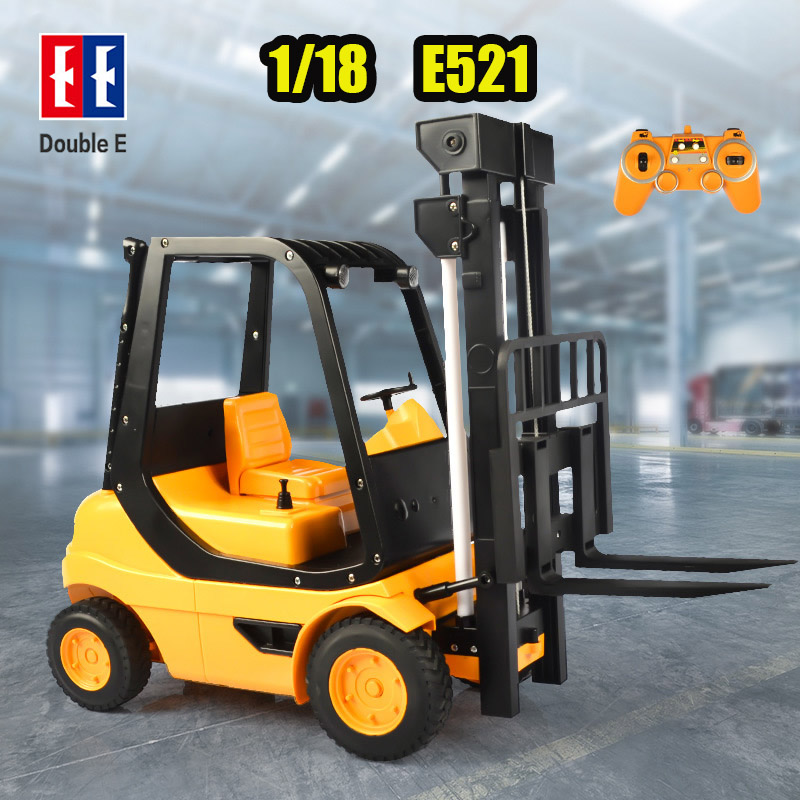 Kids Toys 10 Year Old - 1/8 Double E E521 mobil Remote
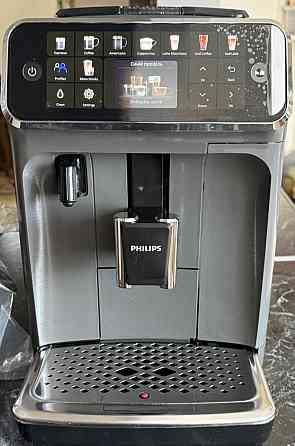 Кавомашина Philips 5500 series LatteGo Київ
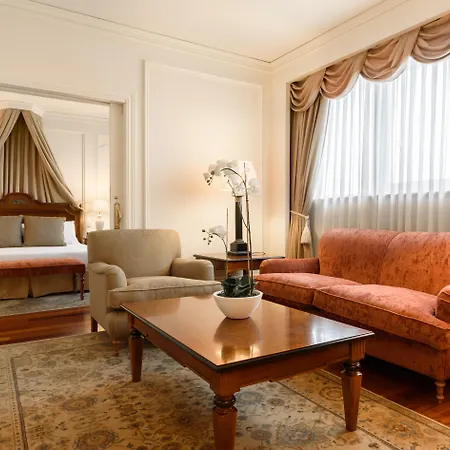 Eurostars Gran Hotel Santiago-3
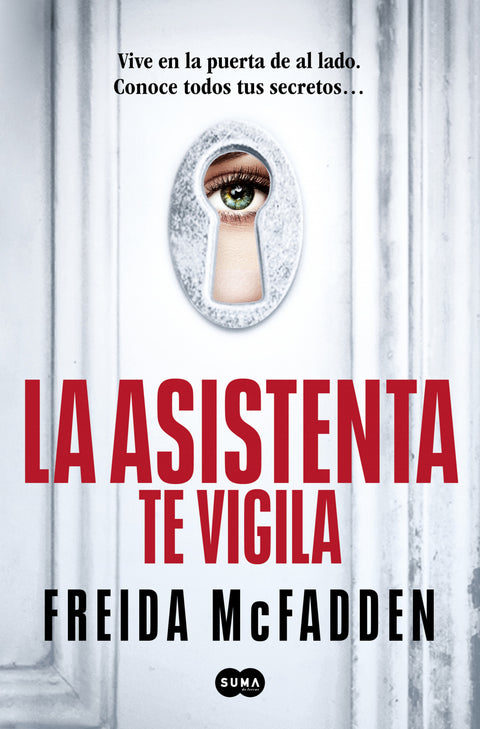  La asistenta te vigila (La asistenta 3) 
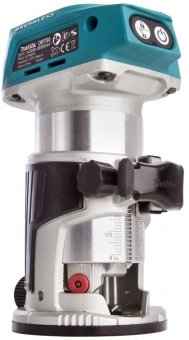 Фрезер Makita DRT50Z 30000об/мин макс.ход:40мм - купить недорого с доставкой в интернет-магазине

• Work request: Ignoring the pictures, write out word for word the lines from the line containing "La asistenta te vigila (La asistenta 3)" through the end of the material above.

• Output of the task:
  La asistenta te vigila (La asistenta 3) 
 Фрезер Makita DRT50Z 30000об/мин макс.ход:40мм - купить недорого с доставкой в интернет-магазине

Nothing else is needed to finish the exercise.